> **Exercise goal**
Your reply should contain only the line with "Sahbek Rajel - Balti 高品质在线收听 | Minatrix.FM" and the lines after it through the end of the data, each written out exactly.

> **Data**
:::
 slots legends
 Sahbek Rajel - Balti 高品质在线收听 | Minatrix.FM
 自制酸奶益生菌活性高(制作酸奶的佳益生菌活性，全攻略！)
:::
> **Worked solution**
 Sahbek Rajel - Balti 高品质在线收听 | Minatrix.FM
 自制酸奶益生菌活性高(制作酸奶的佳益生菌活性，全攻略！)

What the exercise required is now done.